I cover this in more detail in my EFI Boot Loaders for Linux
page. It's written with the assumption that you'll be setting up on a hard disk, but for the most part it all applies to USB flash drives and the like. The big difference is that USB flash drives use the "fallback" filename of EFI/BOOT/bootx64.efi rather than a custom name and NVRAM entry. My Web page describes using efibootmgr to enter NVRAM entries, so you could ignore that information when creating a bootable USB flash drive.
I know that with the "bios" (dont know what else to call it) set at UEFI, it wont even recognize any live CD (one that I have downloaded the iso and burned it to a disc).
"Firmware" is the correct generic term. Manufacturers are misapplying the word "BIOS" to UEFI firmware.
Getting firmware to boot in EFI mode can be a problem for several reasons:
- Some bootable media don't support EFI-mode booting.
- Some bootable media, although they nominally support EFI-mode booting, aren't set up quite properly, or are set up in a way that works with some firmware implementations but not with others. I suspect that this problem is exacerbated by the fact that so many Linux distributions try to create boot media that are bootable on anything -- BIOS, UEFI, or Apple's peculiar EFI variant. The result is something that's heavily contorted, which of course just opens the door to problems caused by quirky system-specific incompatibilities.

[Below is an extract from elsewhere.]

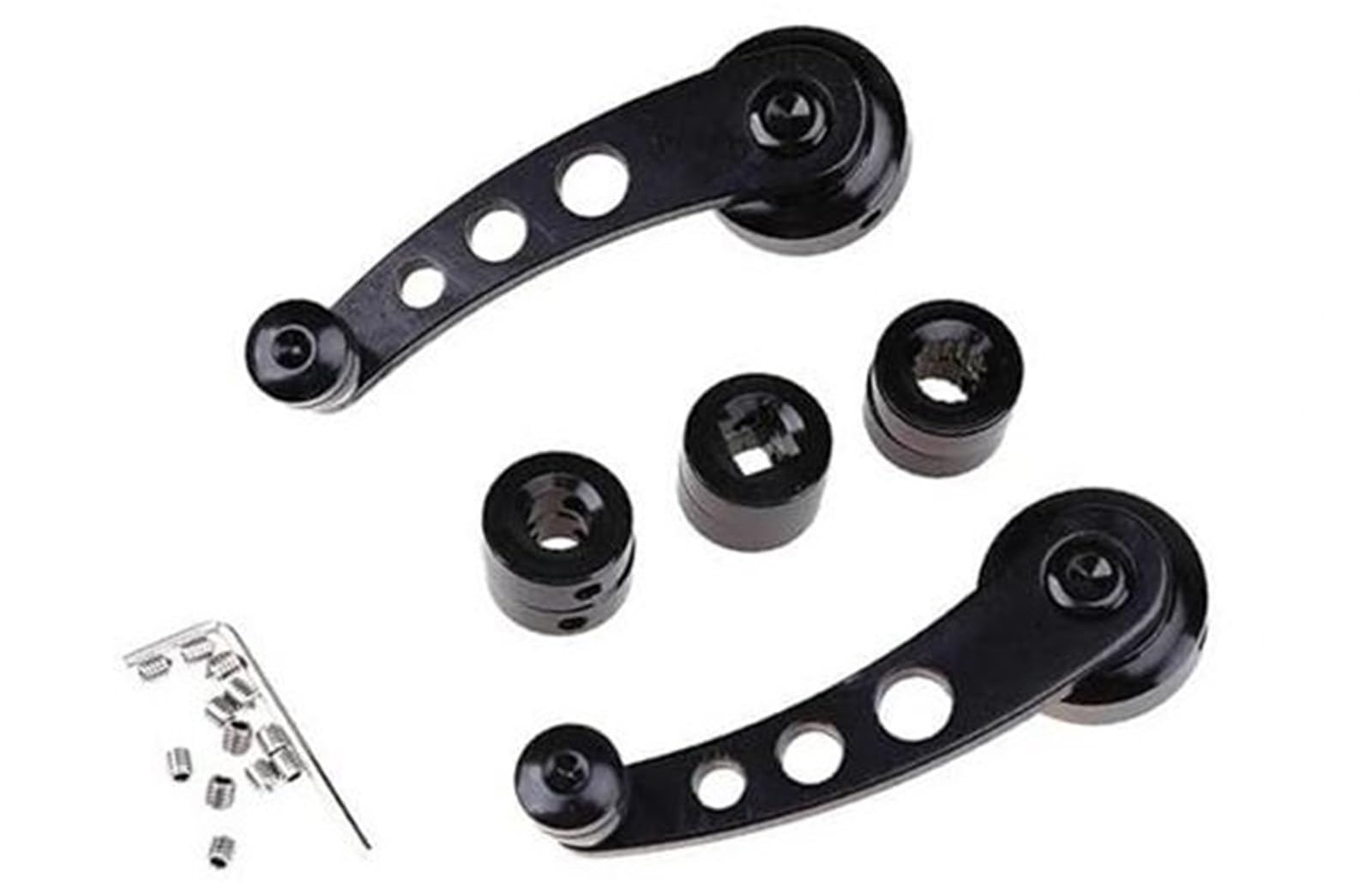 MEXWLOP 2Pcs Universal Auto Manuelle Fenster Hebe Kurbel Griff Wickler Lifter Riser Ersatz Auto Zubehör Auto-Innentürgriff(Black) von MEXWLOP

- The methods used to force a given system to boot in EFI mode vs. BIOS mode vary from one computer to another. Some make it almost impossible to control the matter. On such systems, you may need to remove the unwanted boot mode from your media.
- Users seldom understand the methods their computers use to select a boot mode.
- Manufacturers seldom document the methods their firmware uses to select a boot mode. Combine this with the last two items and you get a situation where even experts may be stymied for hours. See, for instance, this blog post by the creator of shim, Matthew Garrett.
- If/when you get the system to boot, the boot mode may not be obvious. This can lead people to install Linux in BIOS mode on a computer that's already booting Windows in EFI mode.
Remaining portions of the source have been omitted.